Development of a method to estimate fluctuating pressure on ship stern based on bubble dynamics and construction of a comprehensive optimization system for propeller design

Research Project

Project/Area Number	18K04584
Research Category	Grant-in-Aid for Scientific Research (C)
Allocation Type	Multi-year Fund
Section	一般
Review Section	Basic Section 24020:Marine engineering-related
Research Institution	Kyushu University
Principal Investigator	ANDO JUN 九州大学, 工学研究院, 教授 (60211710)
Project Period (FY)	2018-04-01 – 2021-03-31
Project Status	Completed (Fiscal Year 2020)

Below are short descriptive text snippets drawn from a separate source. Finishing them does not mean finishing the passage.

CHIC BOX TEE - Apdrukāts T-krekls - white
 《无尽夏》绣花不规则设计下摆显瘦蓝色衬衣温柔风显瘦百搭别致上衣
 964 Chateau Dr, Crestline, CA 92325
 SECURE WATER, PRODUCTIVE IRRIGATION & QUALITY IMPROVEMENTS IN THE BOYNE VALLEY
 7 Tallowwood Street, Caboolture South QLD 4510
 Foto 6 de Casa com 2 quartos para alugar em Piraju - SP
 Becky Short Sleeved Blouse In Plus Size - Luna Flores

Budget Amount *help	¥4,420,000 (Direct Cost: ¥3,400,000、Indirect Cost: ¥1,020,000) Fiscal Year 2020: ¥2,080,000 (Direct Cost: ¥1,600,000、Indirect Cost: ¥480,000) Fiscal Year 2019: ¥910,000 (Direct Cost: ¥700,000、Indirect Cost: ¥210,000) Fiscal Year 2018: ¥1,430,000 (Direct Cost: ¥1,100,000、Indirect Cost: ¥330,000)
Keywords	舶用工学 / プロペラ / キャビテーション / 気泡力学 / 船尾変動圧力 / プロペラ翼強度
Outline of Final Research Achievements	A method for solving a multi-objective optimization problem with cavity area and propeller efficiency as objective functions was developed, and its validity was confirmed by model tests. Model tests of an improved propeller, which was originally designed for a general cargo ship, showed that the propeller efficiency was improved by about 2% around the design point and that the fluctuating pressure due to cavitation was reduced. A calculation method was developed to estimate the cavity volume, which is strongly correlated with the fluctuating pressure, in a short time. This method, which is based on bubble dynamics to estimate the shape of cavitation on a two-dimensional blade in steady uniform flow, was applied to propeller blades. The calculated cavity volume on Seiun-Maru-I propellers in wake agreed well with experimental results.
Academic Significance and Societal Importance of the Research Achievements	船舶の推進性能の分野においては二酸化炭素排出量削減のため、船舶の省エネ化実現の要となる高性能プロペラの設計の重要性が一段と増している。プロペラの最適設計は、船尾伴流中でプロペラ翼面上に発生するキャビテーションによって誘起される船尾変動圧力に配慮して行われる。本研究においては、プロペラ効率および変動圧力と相関のあるキャビティ面積を目的関数とするプロペラ翼形状の多目的最適化計算法ならびに変動圧力と強い相関のあるキャビティ体積を短時間で推定する計算法を開発した。本研究成果により、より高性能なプロペラの設計が可能となり、船舶からの二酸化炭素排出量削減が期待される。